Work order - Should the listing contain images, exclude them; give the rest again exactly.

Data extract -
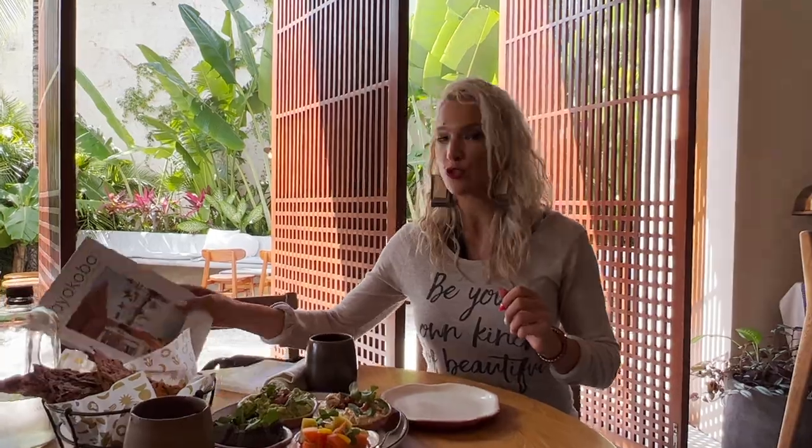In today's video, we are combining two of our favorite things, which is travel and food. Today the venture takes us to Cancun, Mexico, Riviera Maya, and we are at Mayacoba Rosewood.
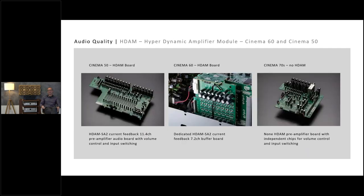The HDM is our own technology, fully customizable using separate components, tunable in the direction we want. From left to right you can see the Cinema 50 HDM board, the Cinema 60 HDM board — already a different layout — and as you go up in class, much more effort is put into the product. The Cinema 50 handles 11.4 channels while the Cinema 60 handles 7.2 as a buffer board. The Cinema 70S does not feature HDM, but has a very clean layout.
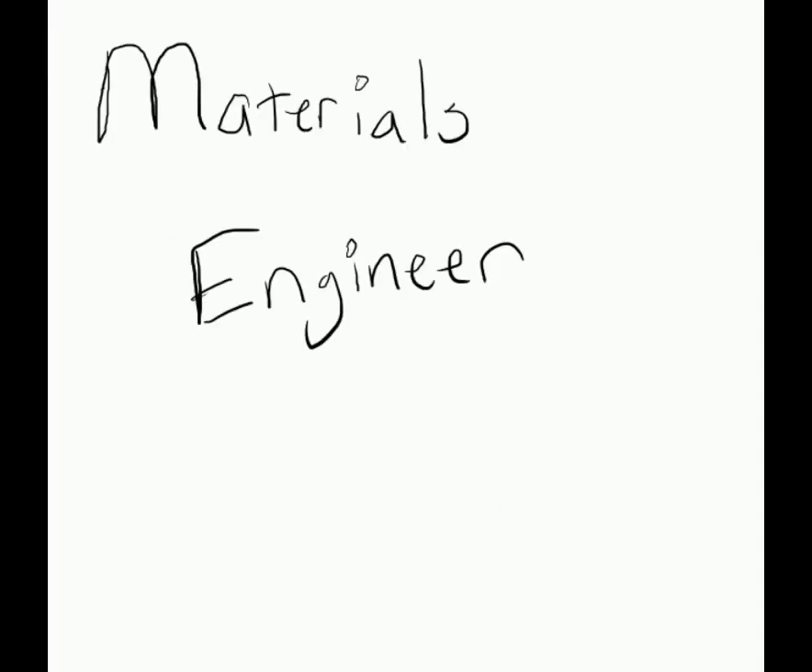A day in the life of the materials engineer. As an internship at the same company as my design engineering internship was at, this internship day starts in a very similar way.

Solution -
In today's video, we are combining two of our favorite things, which is travel and food. Today the venture takes us to Cancun, Mexico, Riviera Maya, and we are at Mayacoba Rosewood.
The HDM is our own technology, fully customizable using separate components, tunable in the direction we want. From left to right you can see the Cinema 50 HDM board, the Cinema 60 HDM board — already a different layout — and as you go up in class, much more effort is put into the product. The Cinema 50 handles 11.4 channels while the Cinema 60 handles 7.2 as a buffer board. The Cinema 70S does not feature HDM, but has a very clean layout.
A day in the life of the materials engineer. As an internship at the same company as my design engineering internship was at, this internship day starts in a very similar way.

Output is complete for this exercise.